*What needs to be done*
Would you repeat word for word the lines of the listing that follows, from the one with "Spring/Autumn New High" up to and including the one with "Tactical Dog Collar", and leave out the images?

*Task input*
══════════════════════════════

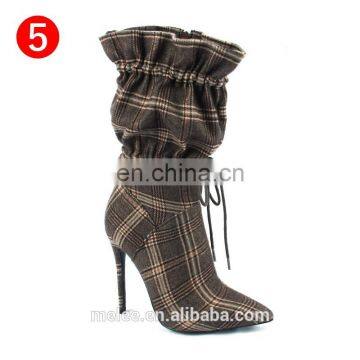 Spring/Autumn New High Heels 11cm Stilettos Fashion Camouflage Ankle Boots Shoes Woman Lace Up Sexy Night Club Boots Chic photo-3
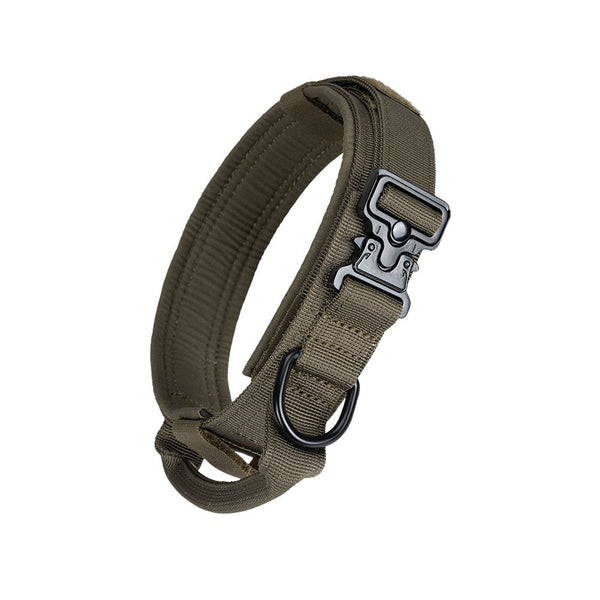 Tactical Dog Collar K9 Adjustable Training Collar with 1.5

══════════════════════════════

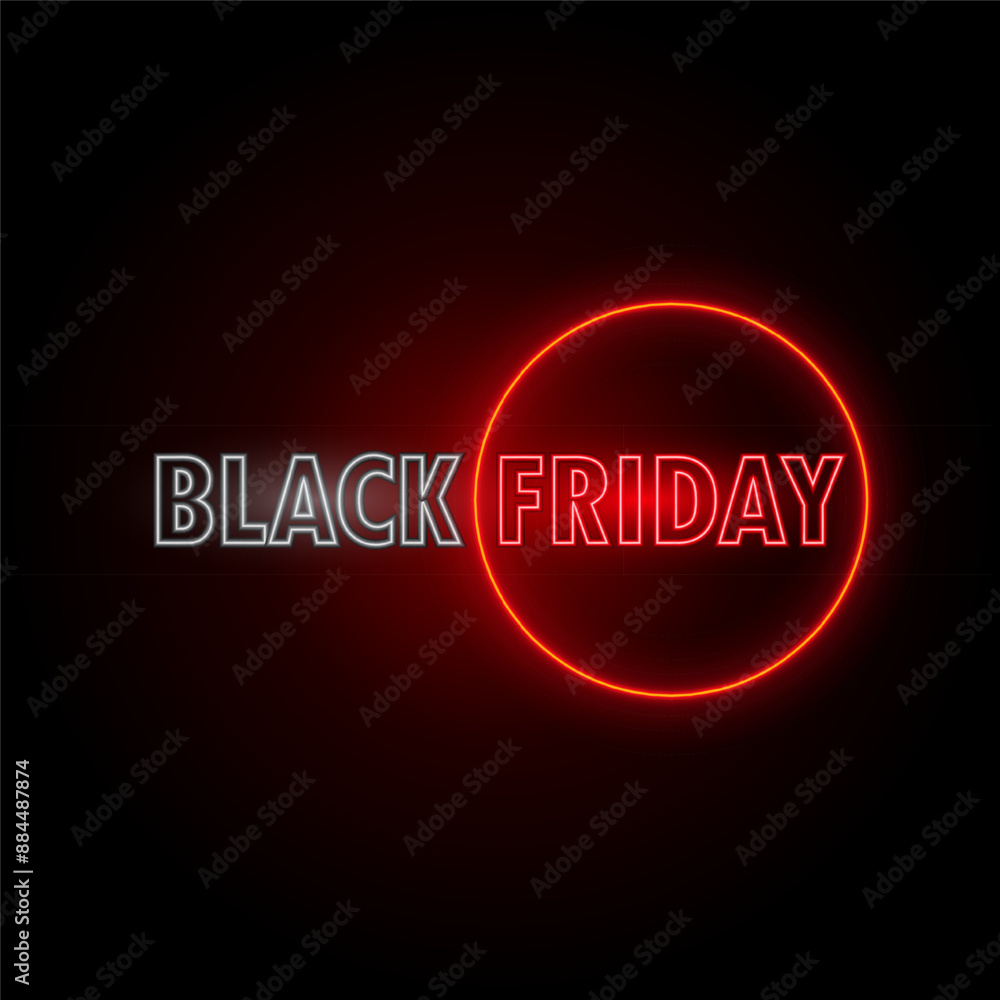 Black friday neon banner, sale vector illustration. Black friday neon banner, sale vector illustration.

══════════════════════════════

*Result for this task*
 Spring/Autumn New High Heels 11cm Stilettos Fashion Camouflage Ankle Boots Shoes Woman Lace Up Sexy Night Club Boots Chic photo-3
 Tactical Dog Collar K9 Adjustable Training Collar with 1.5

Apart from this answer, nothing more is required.